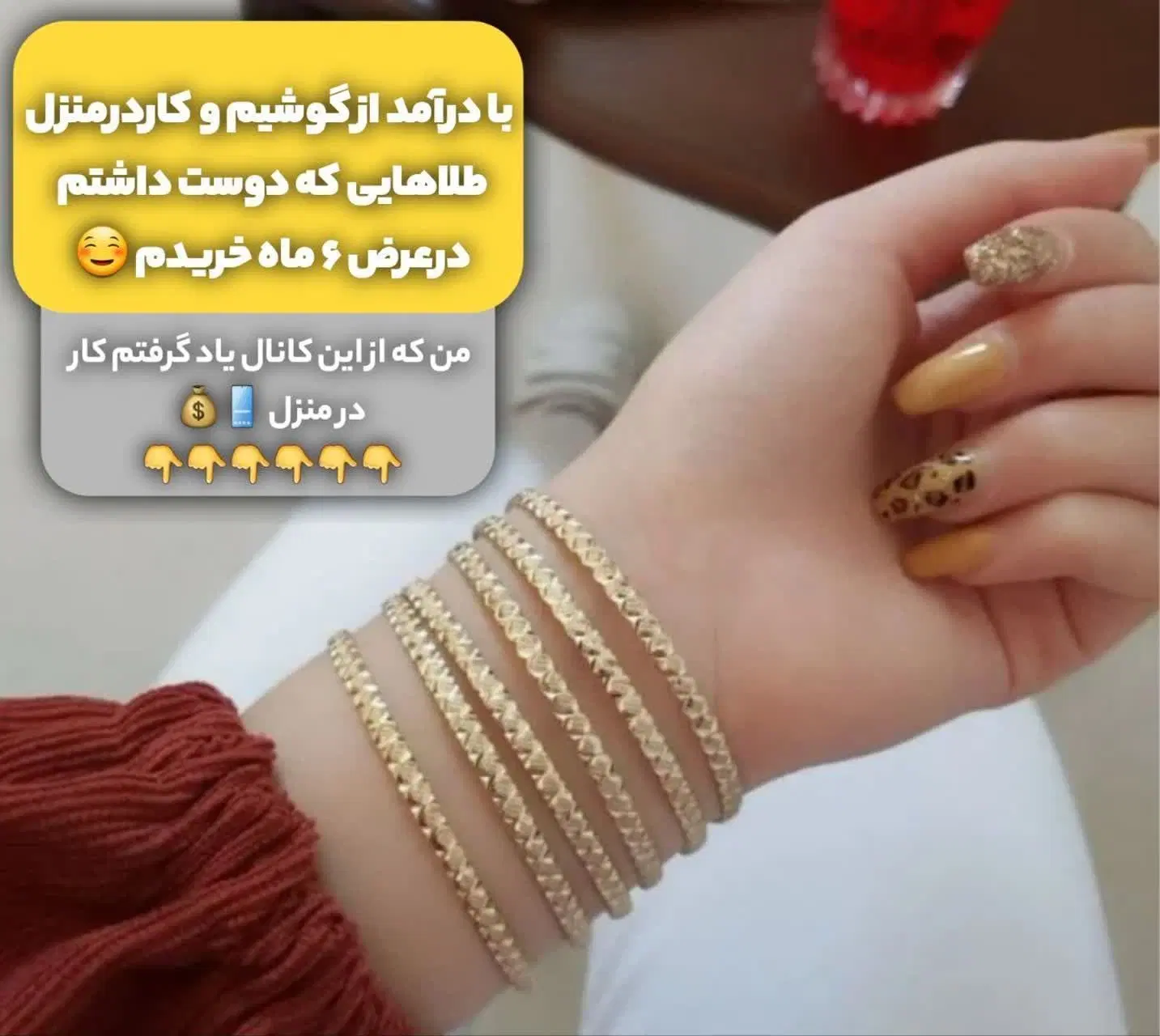 کار در منزل/آموزش ها حرفه ای رایگان/درآمدزایی بالا|استخدام بازاریابی و فروش|تهران, شکوفه|دیوار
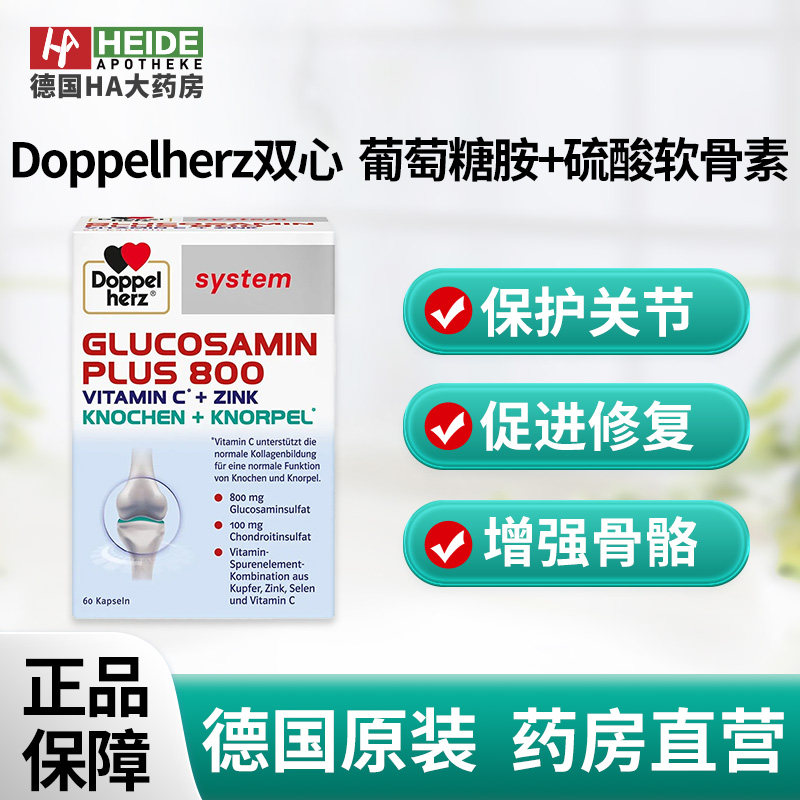 德国双心 葡萄糖胺+硫酸软骨素 800mg60粒 缓解关节疼痛 德国进口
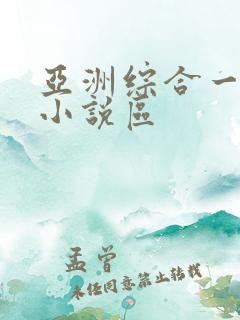 亚洲综合一区 小说区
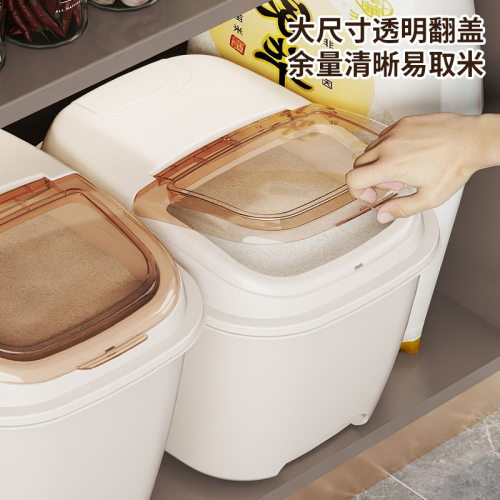 米桶家用防虫防潮密封食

*WORK REQUEST*.
Only the text of the listing should be returned, exactly and in full; no image goes into the copy.

*EXERCISE RESULT*.
 کار در منزل/آموزش ها حرفه ای رایگان/درآمدزایی بالا|استخدام بازاریابی و فروش|تهران, شکوفه|دیوار
 德国双心 葡萄糖胺+硫酸软骨素 800mg60粒 缓解关节疼痛 德国进口
 亚洲综合一区 小说区
 米桶家用防虫防潮密封食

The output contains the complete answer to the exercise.